[Opening TASK MATERIAL section]

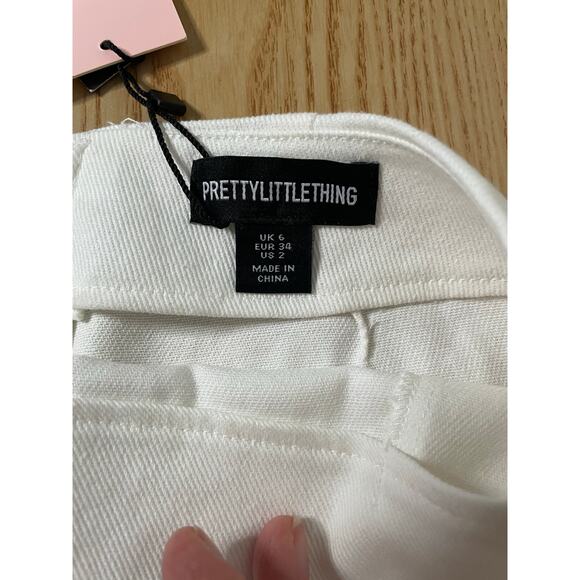 New Womens Prettylittlething Denim Skirt Feather Trim White size 2-4 Waist 14.5” - Picture 3 of 3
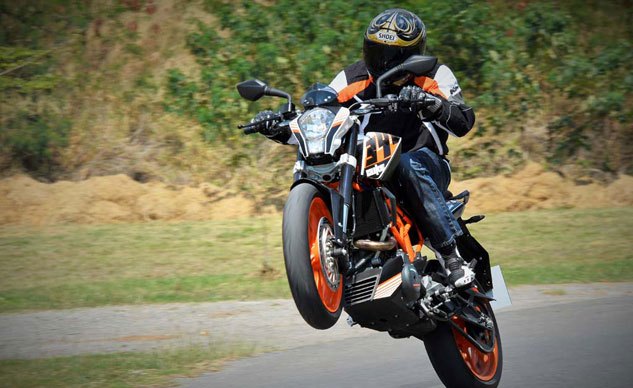 There are a lot of players in the naked little bike category, but none pose a greater threat to the BMW G310R than the KTM 390 Duke.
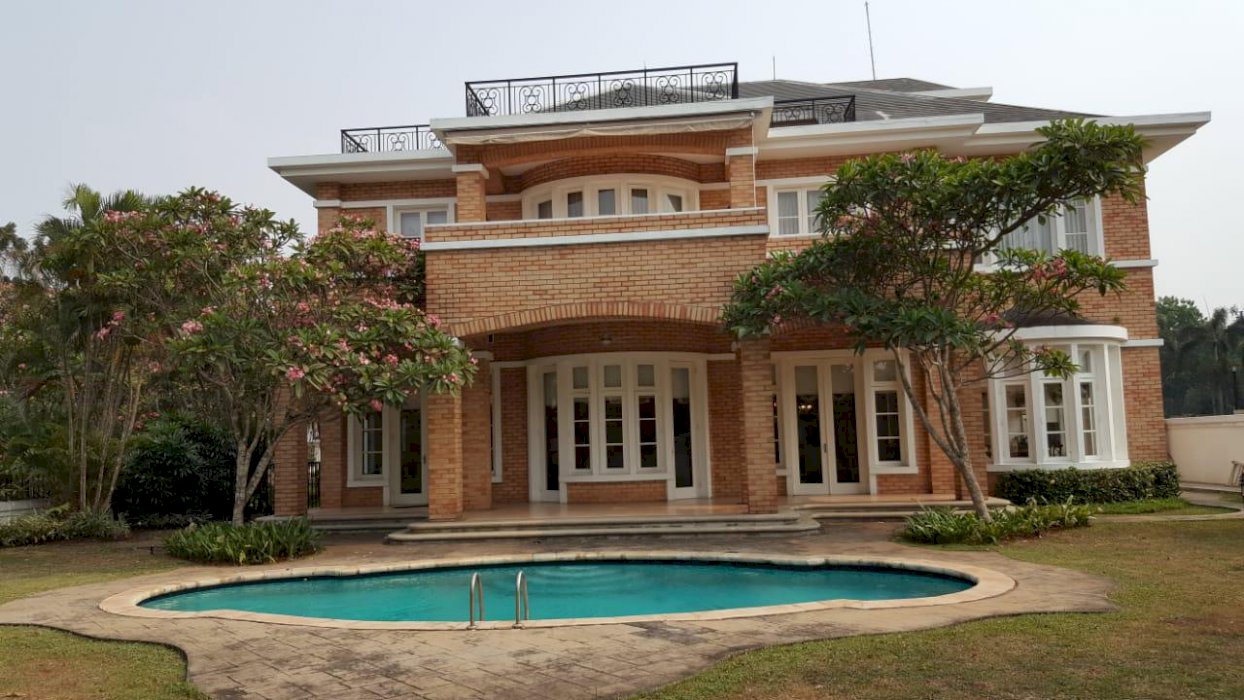 Rumah Super Mewah Imperial Golf Lippo Karawaci Tangerang Banten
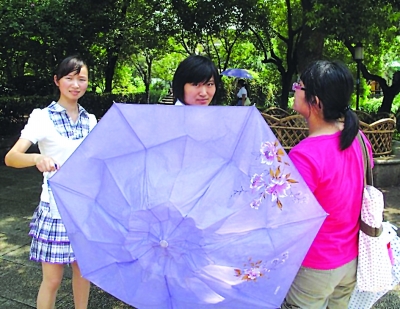 中學老師認出“撐傘仙女”?媒體證實為美麗誤會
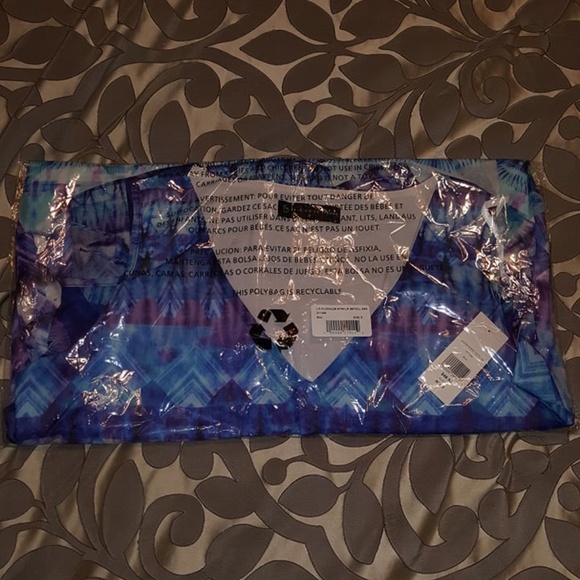 🦆Fashion to Figure cold shoulder dress - Picture 2 of 4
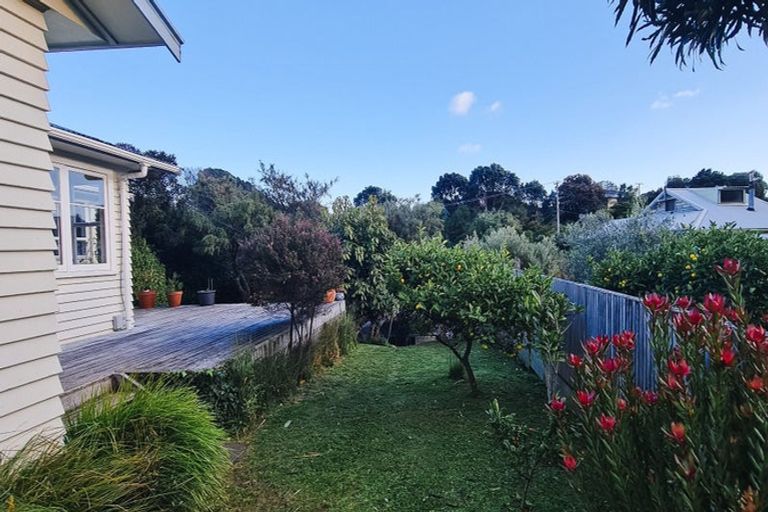 Photo of property in 46 Wellington Road, Paekakariki, 5034
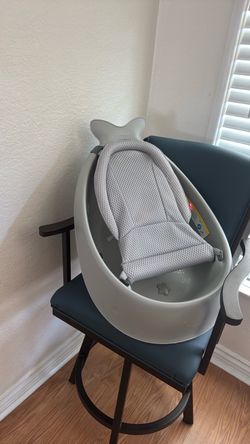 Gray skip hop baby bathtub with infant support mesh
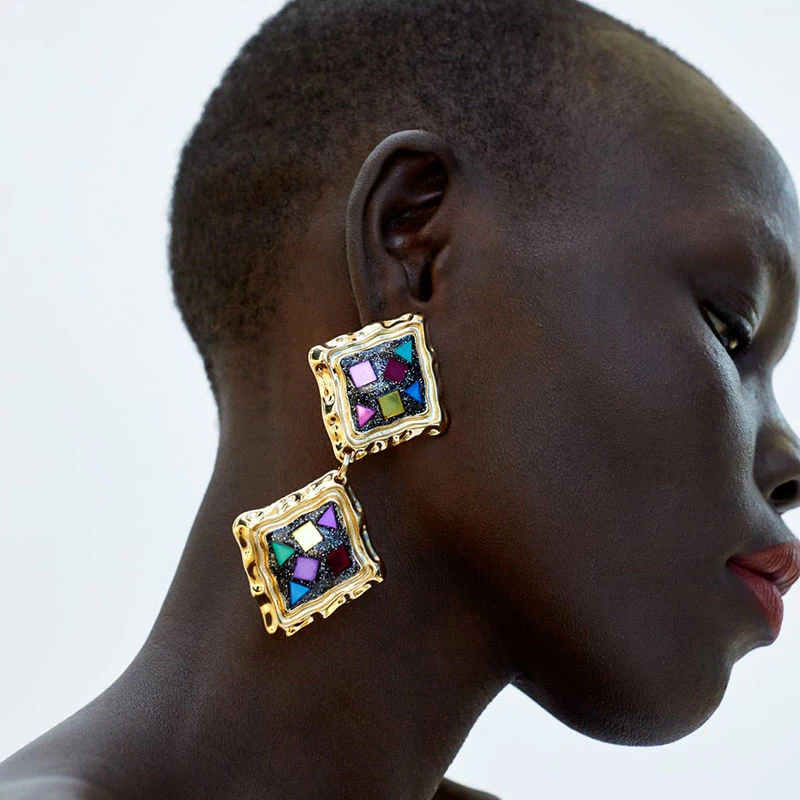 AENSOA ZA Big Colorful Crystal Drop Earrings For Women Vintage Square Metal Rhinestone Pendant Earring Bohemia Statement Jewelry
AENSOA ZA Big Colorful Crystal Drop Earrings For Women Vintage Square Metal Rhinestone Pendant Earring Bohemia Statement Jewelry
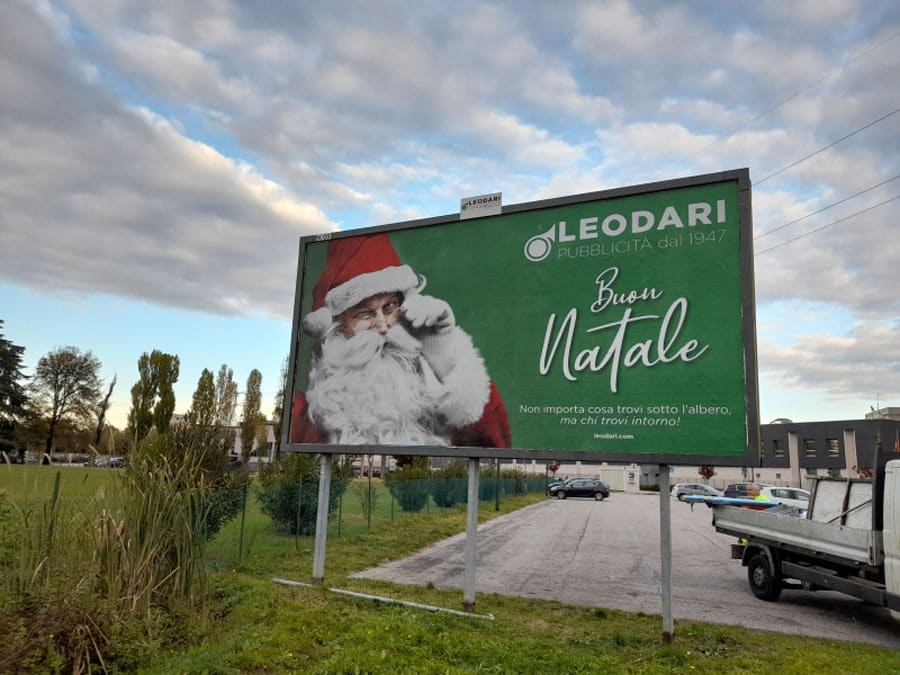 Affissioni 2 Affissione 6X3M Via Del Commercio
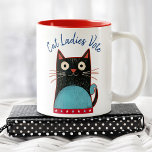 Cat Ladies Vote Script Rustic Bold Schattige Femin Tweekleurige Koffiemok<br><div class="desc">"Kattenvrouwen stemmen". Wees trots en deel je steun voor Kamala Harris wanneer je uit deze leuke, leuke, grafisch feministische mok drink. Een schattige rustieke country cat illustratie in zwart, rood, wit en turquoise blauw en marineblauw handgeschreven script typografie overlay een witte achtergrond. Bewijs dat Vance ongelijk heeft, vier trots dat...</div>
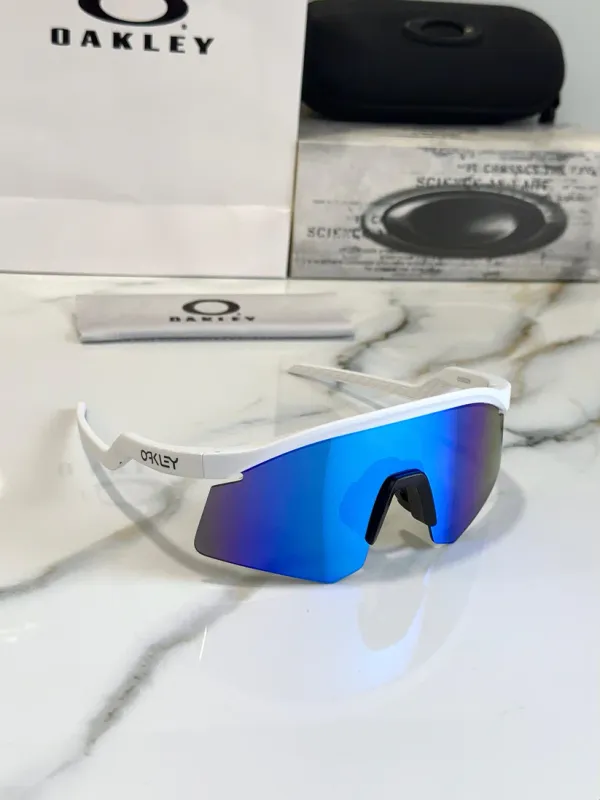 Oakley_Hydra_sport_Sunglasses_(white_&_blue)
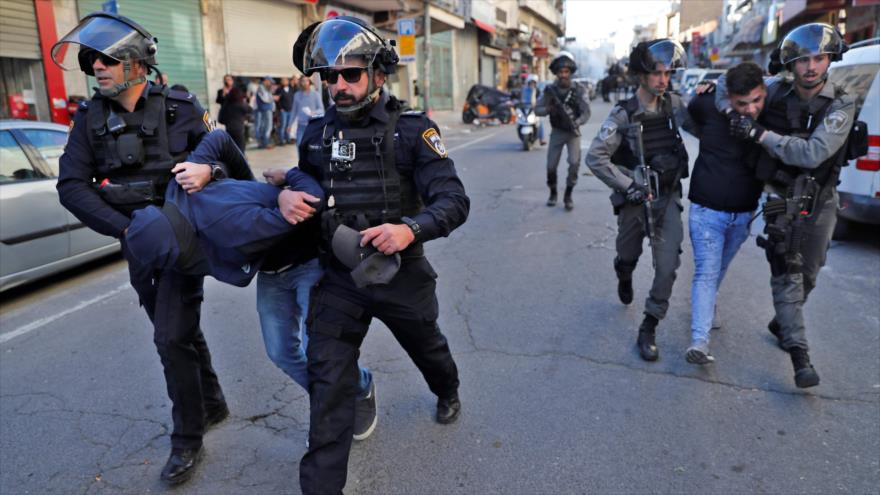 Fuerzas israelíes detienen a palestinos en protestas por la decisión de Trump sobre Jerusalén, 9 de diciembre de 2017.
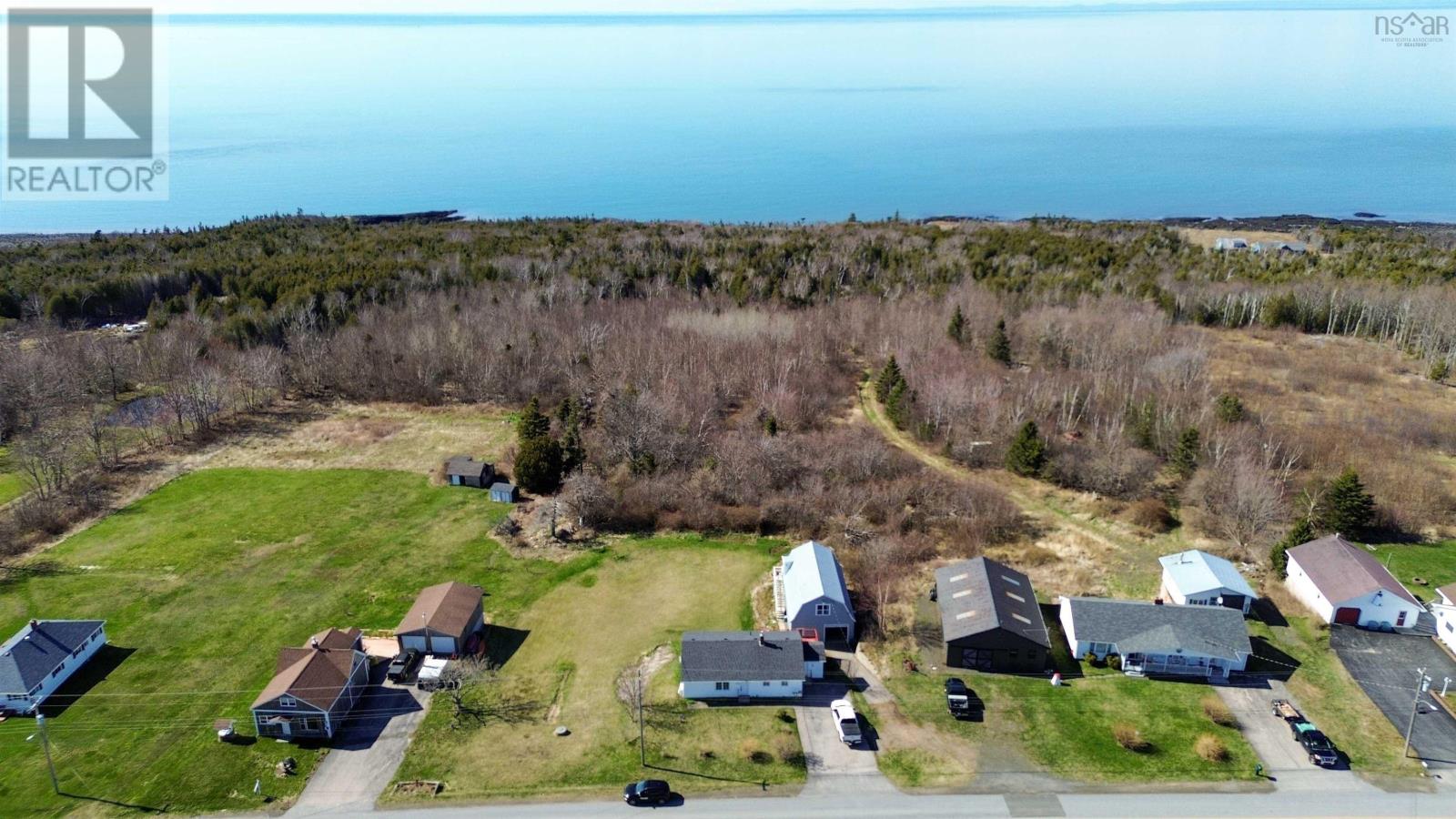 3955 Shore Road W Property Photo 14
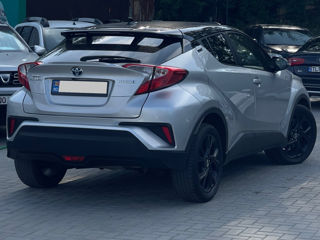 Toyota C-HR foto 3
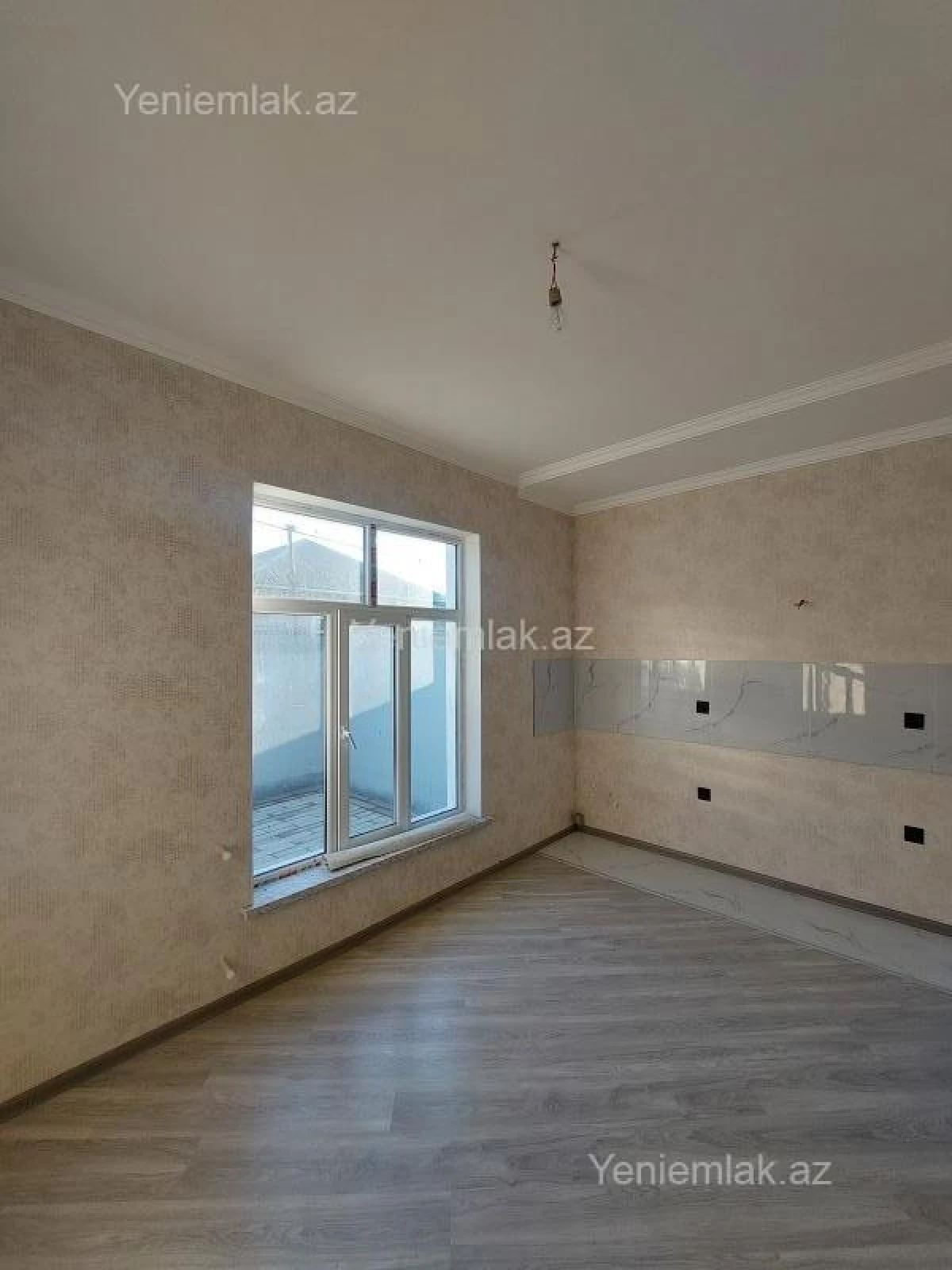 Satılır 4 otaqlı həyət evi 180 m²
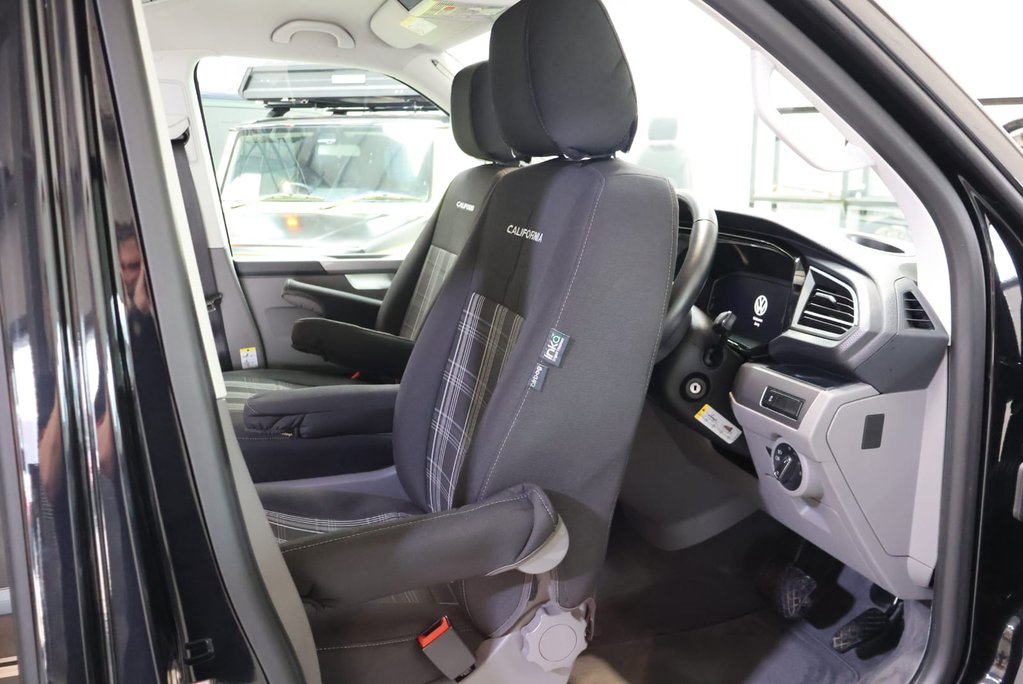 Volkswagen California OCEANI 4MOTION DSG HUGE SPEC VERY RARE  5 YEAR WARRANTY FROM NEW  4 BERTH 22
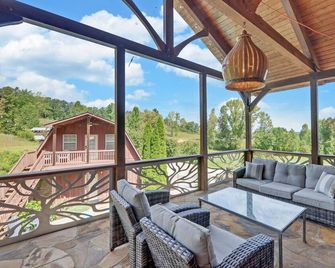 Amazing Farmhouse,18 Acres, Pool, 7 King Bds, Near Helen, Weddings & Events - Cleveland - Balcón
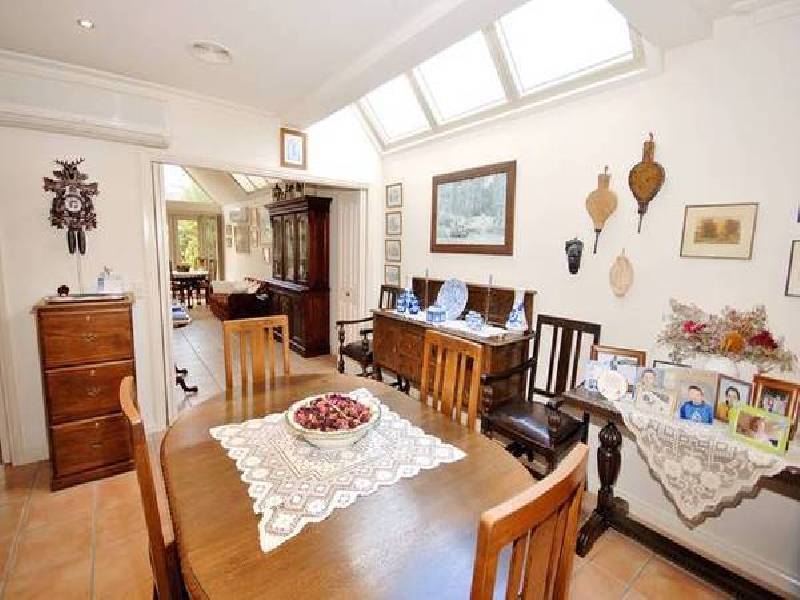 2 Nicholas Street, Newtown VIC 3220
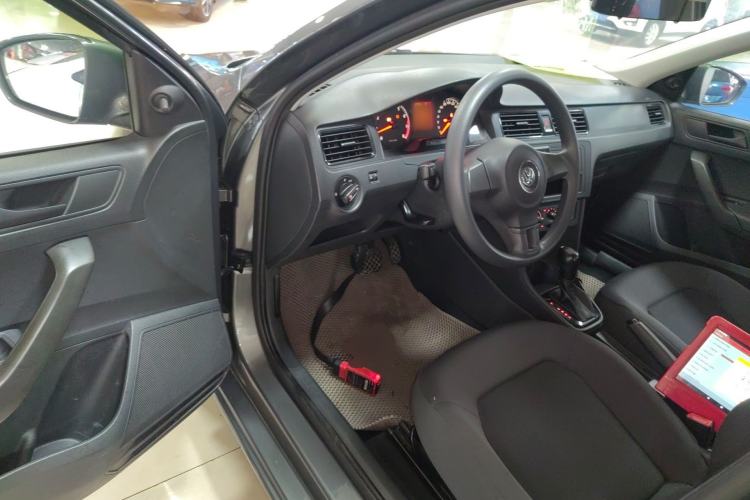 Used Volkswagen Santana 2013 1.6L Automatic Fashion Edition Driver Seat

[Closing TASK MATERIAL section]

* PROBLEM DESCRIPTION: Leave out every picture and copy, exactly as written, the lines from the one with "Photo of property" through the end of the records above.

* TASK OUTPUT:
 Photo of property in 46 Wellington Road, Paekakariki, 5034
 Gray skip hop baby bathtub with infant support mesh
 AENSOA ZA Big Colorful Crystal Drop Earrings For Women Vintage Square Metal Rhinestone Pendant Earring Bohemia Statement Jewelry
AENSOA ZA Big Colorful Crystal Drop Earrings For Women Vintage Square Metal Rhinestone Pendant Earring Bohemia Statement Jewelry
 Affissioni 2 Affissione 6X3M Via Del Commercio
 Cat Ladies Vote Script Rustic Bold Schattige Femin Tweekleurige Koffiemok<br><div class="desc">"Kattenvrouwen stemmen". Wees trots en deel je steun voor Kamala Harris wanneer je uit deze leuke, leuke, grafisch feministische mok drink. Een schattige rustieke country cat illustratie in zwart, rood, wit en turquoise blauw en marineblauw handgeschreven script typografie overlay een witte achtergrond. Bewijs dat Vance ongelijk heeft, vier trots dat...</div>
 Oakley_Hydra_sport_Sunglasses_(white_&_blue)
 Fuerzas israelíes detienen a palestinos en protestas por la decisión de Trump sobre Jerusalén, 9 de diciembre de 2017.
 3955 Shore Road W Property Photo 14
 Toyota C-HR foto 3
 Satılır 4 otaqlı həyət evi 180 m²
 Volkswagen California OCEANI 4MOTION DSG HUGE SPEC VERY RARE  5 YEAR WARRANTY FROM NEW  4 BERTH 22
 Amazing Farmhouse,18 Acres, Pool, 7 King Bds, Near Helen, Weddings & Events - Cleveland - Balcón
 2 Nicholas Street, Newtown VIC 3220
 Used Volkswagen Santana 2013 1.6L Automatic Fashion Edition Driver Seat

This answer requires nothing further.